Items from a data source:
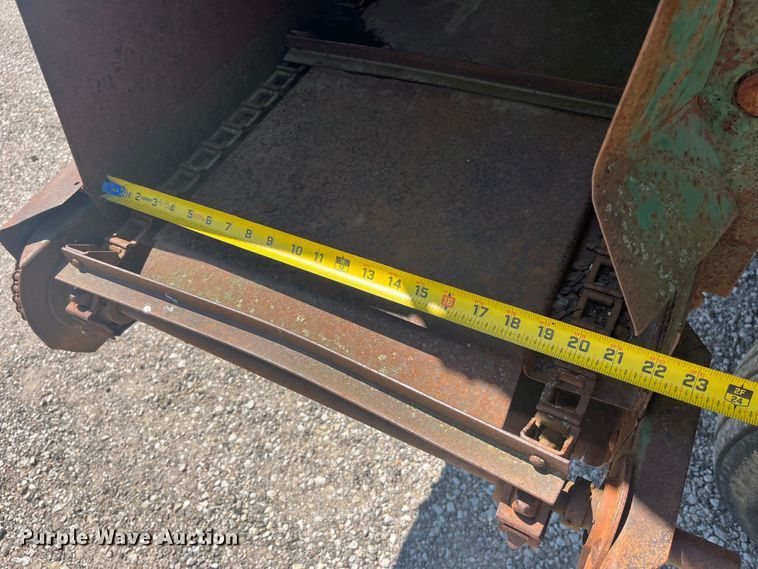 image for item EK8582 Badger silage wagon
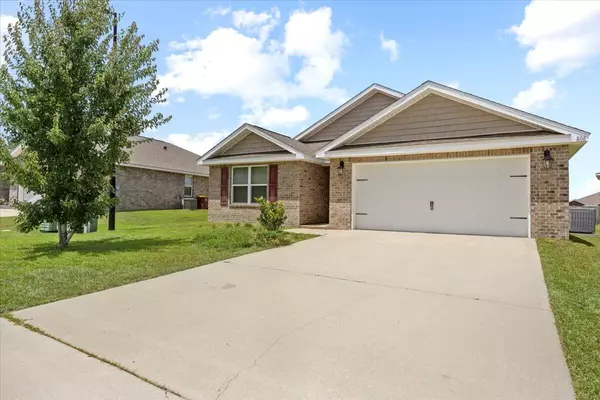 Crestview, FL 32539,806 Moorhen Way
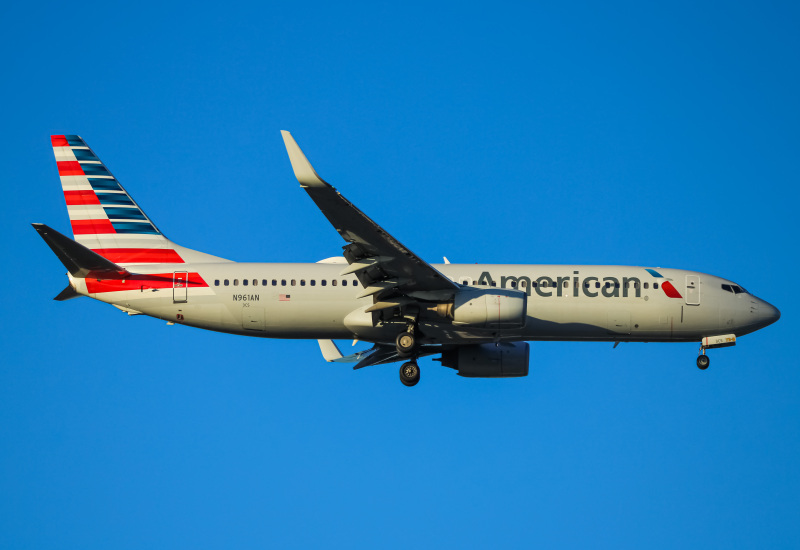 Photo of N961AN - American Airlines Boeing 737-800 at BWI on AeroXplorer Aviation Database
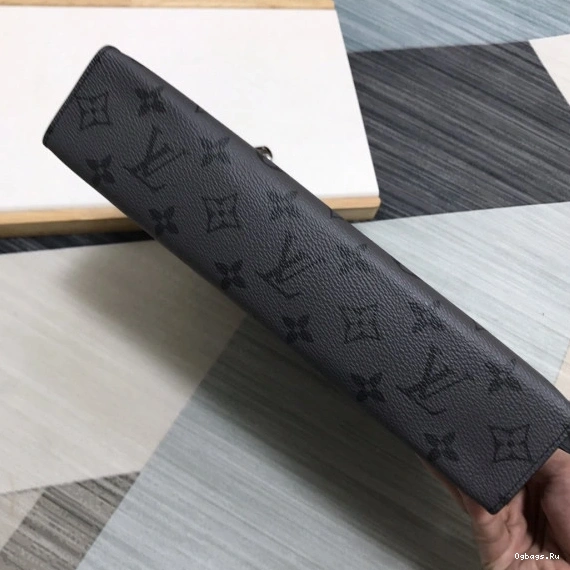 MM VUITTON POCHETTE LOUIS VOYAGE 0316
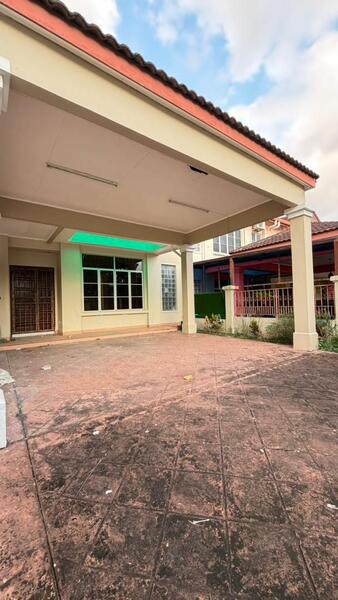 2-storey Terraced House for Sale in Mutiara Rini (Skudai) - Iden Tan - Exterior - PropertyGuru.com.my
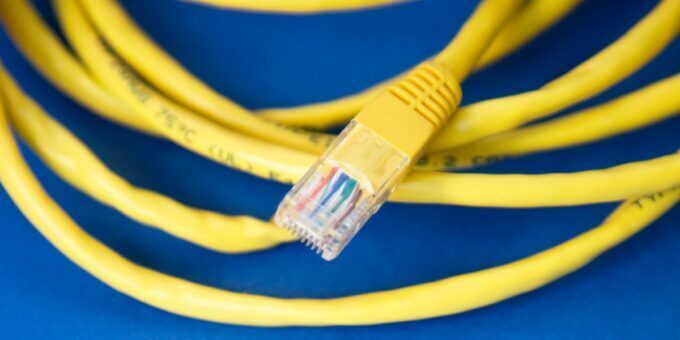 How to disable WiFi when connected to LAN
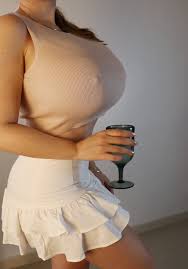 Chloe Bell 💙 Top 0% on OF on X: Merry Christmas! Can I be your gift this  year? 😈 t.coSh911qEKeJ t.colZ4sCYgdCu  X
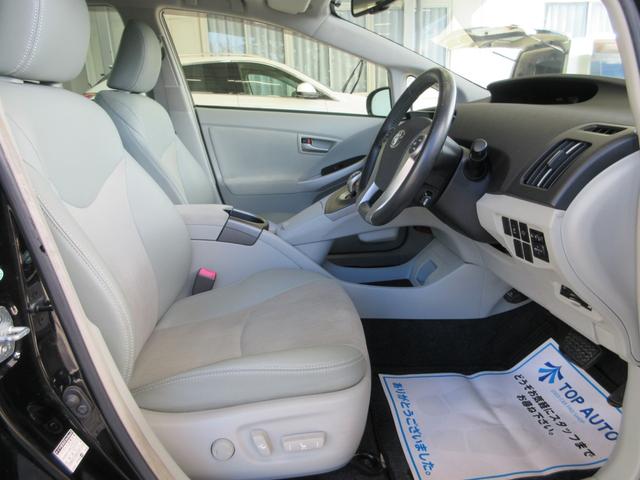 プリウス Gツーリングセレクション 後期型 ハーフレザー 純正ナビ フルセグ Bluetoothオーディオ バックカメラ ETC 音楽録音 ディスク再生 クルコン プッシュスタート ツーリングホイール LEDライト タイミングチェーン(11枚目)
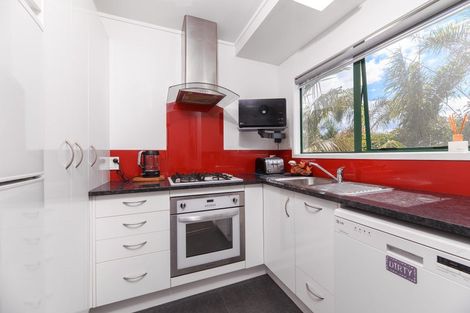 Photo of property in 2b Porter Avenue, Te Atatu South, Auckland, 0610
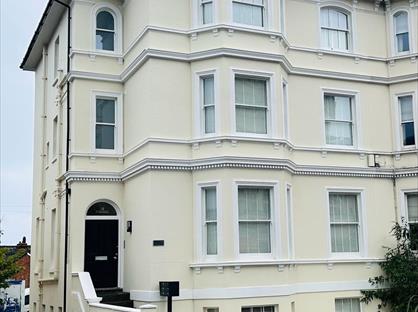1 Bed Flat, St John's Rd, TN4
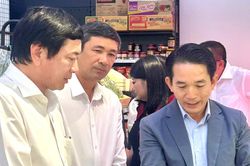 Bí thư xã vượt 300km tìm thực phẩm sạch cho học sinh trường nội trú liên cấp
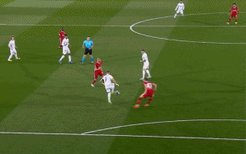 欧冠：维尼修斯梅开二度阿森西奥萨拉赫进球，皇马3-1利物浦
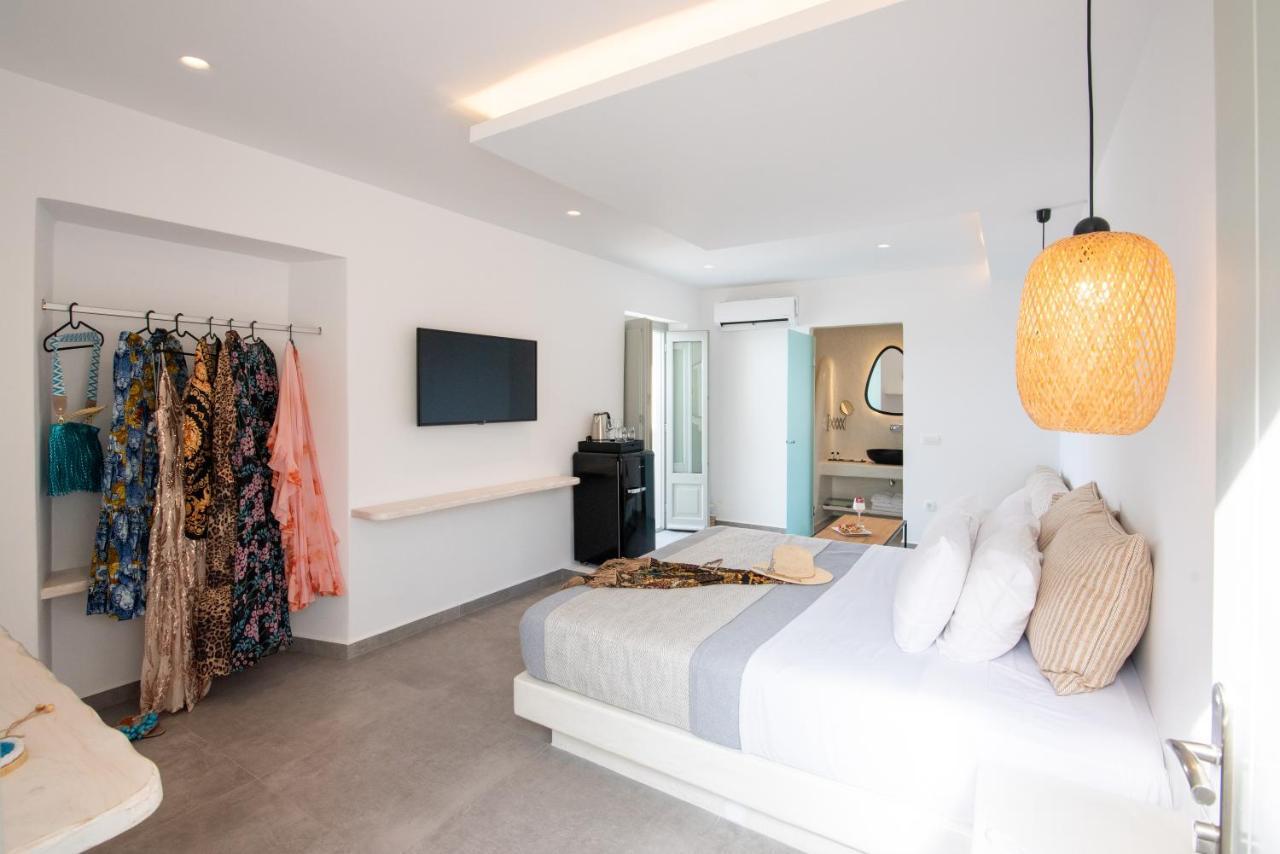 Caldera Cliff Illusion Aparthotel Fira  Bagian luar foto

→ WHAT IS REQUIRED
Write the records out exactly, dropping every image.

→ RESULT OF THIS TASK
 image for item EK8582 Badger silage wagon
 Crestview, FL 32539,806 Moorhen Way
 Photo of N961AN - American Airlines Boeing 737-800 at BWI on AeroXplorer Aviation Database
 MM VUITTON POCHETTE LOUIS VOYAGE 0316
 2-storey Terraced House for Sale in Mutiara Rini (Skudai) - Iden Tan - Exterior - PropertyGuru.com.my
 How to disable WiFi when connected to LAN
 Chloe Bell 💙 Top 0% on OF on X: Merry Christmas! Can I be your gift this  year? 😈 t.coSh911qEKeJ t.colZ4sCYgdCu  X
 プリウス Gツーリングセレクション 後期型 ハーフレザー 純正ナビ フルセグ Bluetoothオーディオ バックカメラ ETC 音楽録音 ディスク再生 クルコン プッシュスタート ツーリングホイール LEDライト タイミングチェーン(11枚目)
 Photo of property in 2b Porter Avenue, Te Atatu South, Auckland, 0610
1 Bed Flat, St John's Rd, TN4
 Bí thư xã vượt 300km tìm thực phẩm sạch cho học sinh trường nội trú liên cấp
 欧冠：维尼修斯梅开二度阿森西奥萨拉赫进球，皇马3-1利物浦
 Caldera Cliff Illusion Aparthotel Fira  Bagian luar foto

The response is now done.